What needs to be done: Would you return the lines between the one holding "Modern commercial space" and the one holding "Wooden deck with", inclusive, and only those, exactly as they stand in the listing below?

Records to process:
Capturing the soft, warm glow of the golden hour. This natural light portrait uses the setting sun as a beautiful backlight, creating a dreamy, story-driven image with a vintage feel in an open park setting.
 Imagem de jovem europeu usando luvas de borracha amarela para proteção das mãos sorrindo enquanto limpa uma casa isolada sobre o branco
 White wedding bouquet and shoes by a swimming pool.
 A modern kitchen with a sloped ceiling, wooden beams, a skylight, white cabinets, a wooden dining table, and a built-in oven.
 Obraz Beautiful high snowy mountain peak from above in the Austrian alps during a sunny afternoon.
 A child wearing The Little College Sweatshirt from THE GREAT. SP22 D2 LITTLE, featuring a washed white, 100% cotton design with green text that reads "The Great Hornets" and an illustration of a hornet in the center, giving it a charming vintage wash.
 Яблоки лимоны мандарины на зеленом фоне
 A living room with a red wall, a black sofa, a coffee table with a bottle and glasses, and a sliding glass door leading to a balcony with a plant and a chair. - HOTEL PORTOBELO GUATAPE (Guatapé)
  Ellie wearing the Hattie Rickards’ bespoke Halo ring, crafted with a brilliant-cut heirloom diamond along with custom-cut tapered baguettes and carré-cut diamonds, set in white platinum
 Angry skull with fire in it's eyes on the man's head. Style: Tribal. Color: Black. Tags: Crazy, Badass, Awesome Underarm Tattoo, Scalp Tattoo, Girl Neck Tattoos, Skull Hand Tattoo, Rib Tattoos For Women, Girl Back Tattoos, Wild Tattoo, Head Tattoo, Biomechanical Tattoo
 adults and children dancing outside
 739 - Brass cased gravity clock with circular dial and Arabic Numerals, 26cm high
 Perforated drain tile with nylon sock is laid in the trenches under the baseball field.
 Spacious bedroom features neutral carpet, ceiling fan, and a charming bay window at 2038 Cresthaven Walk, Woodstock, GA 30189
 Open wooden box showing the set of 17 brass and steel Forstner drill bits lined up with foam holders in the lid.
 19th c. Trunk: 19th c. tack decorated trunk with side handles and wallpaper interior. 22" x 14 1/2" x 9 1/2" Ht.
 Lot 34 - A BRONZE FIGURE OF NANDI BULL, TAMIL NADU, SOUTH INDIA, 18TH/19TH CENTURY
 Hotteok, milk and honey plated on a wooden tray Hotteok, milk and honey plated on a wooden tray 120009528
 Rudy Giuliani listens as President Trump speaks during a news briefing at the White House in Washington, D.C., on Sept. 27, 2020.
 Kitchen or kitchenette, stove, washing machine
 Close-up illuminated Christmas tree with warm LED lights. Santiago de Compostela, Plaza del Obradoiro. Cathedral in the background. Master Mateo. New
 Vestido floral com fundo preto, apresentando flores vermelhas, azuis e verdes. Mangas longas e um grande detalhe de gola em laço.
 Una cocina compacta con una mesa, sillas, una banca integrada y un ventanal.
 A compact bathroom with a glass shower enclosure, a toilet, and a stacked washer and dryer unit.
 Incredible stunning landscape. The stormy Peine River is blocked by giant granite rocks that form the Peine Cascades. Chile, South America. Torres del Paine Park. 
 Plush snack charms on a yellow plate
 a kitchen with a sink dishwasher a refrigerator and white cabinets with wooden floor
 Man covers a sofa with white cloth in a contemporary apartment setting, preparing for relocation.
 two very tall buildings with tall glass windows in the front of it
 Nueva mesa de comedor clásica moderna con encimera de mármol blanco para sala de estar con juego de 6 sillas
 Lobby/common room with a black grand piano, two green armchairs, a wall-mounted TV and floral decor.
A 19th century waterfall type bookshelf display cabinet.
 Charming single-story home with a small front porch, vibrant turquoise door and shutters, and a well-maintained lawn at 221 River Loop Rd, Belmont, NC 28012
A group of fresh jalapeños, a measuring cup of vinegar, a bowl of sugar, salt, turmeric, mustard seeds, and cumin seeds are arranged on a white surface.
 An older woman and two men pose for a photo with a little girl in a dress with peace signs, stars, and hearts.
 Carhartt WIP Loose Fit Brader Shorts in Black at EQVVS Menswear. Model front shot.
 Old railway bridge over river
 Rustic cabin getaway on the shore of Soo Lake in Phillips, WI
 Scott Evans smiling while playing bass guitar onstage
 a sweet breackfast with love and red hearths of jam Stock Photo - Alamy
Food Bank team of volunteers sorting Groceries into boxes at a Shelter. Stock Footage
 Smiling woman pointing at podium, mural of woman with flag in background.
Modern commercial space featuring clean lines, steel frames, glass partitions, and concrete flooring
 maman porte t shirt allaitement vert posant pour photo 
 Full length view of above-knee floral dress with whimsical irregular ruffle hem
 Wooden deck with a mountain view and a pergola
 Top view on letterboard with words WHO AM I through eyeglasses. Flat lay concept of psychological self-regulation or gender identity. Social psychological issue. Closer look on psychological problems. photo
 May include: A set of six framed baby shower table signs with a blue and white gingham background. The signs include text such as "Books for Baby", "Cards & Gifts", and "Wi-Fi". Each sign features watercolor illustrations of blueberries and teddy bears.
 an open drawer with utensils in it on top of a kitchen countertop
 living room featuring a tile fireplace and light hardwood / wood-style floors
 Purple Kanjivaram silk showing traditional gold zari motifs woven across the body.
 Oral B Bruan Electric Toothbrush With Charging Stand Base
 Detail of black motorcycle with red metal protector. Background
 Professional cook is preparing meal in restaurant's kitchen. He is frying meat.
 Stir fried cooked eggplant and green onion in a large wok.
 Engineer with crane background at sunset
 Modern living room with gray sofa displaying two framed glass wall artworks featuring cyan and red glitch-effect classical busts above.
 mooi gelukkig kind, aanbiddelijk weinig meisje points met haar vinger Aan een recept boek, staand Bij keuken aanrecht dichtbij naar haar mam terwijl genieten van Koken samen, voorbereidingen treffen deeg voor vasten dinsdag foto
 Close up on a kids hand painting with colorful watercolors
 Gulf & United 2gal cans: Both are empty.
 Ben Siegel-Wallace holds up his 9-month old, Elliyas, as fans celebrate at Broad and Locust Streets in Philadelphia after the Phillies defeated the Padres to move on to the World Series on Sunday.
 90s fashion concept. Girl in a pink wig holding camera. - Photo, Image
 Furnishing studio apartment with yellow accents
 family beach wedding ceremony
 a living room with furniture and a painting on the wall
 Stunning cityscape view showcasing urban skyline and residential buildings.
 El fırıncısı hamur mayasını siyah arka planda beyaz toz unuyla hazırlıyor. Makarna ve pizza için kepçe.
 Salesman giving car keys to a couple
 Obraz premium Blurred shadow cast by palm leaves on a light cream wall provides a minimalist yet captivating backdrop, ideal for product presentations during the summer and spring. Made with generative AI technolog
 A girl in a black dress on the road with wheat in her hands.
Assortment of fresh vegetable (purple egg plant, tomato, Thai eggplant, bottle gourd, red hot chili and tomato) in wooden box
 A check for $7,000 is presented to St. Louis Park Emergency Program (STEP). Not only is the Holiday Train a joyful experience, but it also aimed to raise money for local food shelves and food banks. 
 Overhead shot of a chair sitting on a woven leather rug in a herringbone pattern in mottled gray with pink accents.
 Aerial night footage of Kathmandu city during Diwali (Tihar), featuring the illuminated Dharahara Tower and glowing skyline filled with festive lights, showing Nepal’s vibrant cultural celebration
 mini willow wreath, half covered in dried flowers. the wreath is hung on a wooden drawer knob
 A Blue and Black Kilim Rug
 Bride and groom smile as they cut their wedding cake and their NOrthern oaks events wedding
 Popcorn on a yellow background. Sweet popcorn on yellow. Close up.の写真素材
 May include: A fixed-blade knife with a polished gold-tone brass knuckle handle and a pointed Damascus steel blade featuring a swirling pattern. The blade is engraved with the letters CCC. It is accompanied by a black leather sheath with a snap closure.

Task solution:
Modern commercial space featuring clean lines, steel frames, glass partitions, and concrete flooring
 maman porte t shirt allaitement vert posant pour photo 
 Full length view of above-knee floral dress with whimsical irregular ruffle hem
 Wooden deck with a mountain view and a pergola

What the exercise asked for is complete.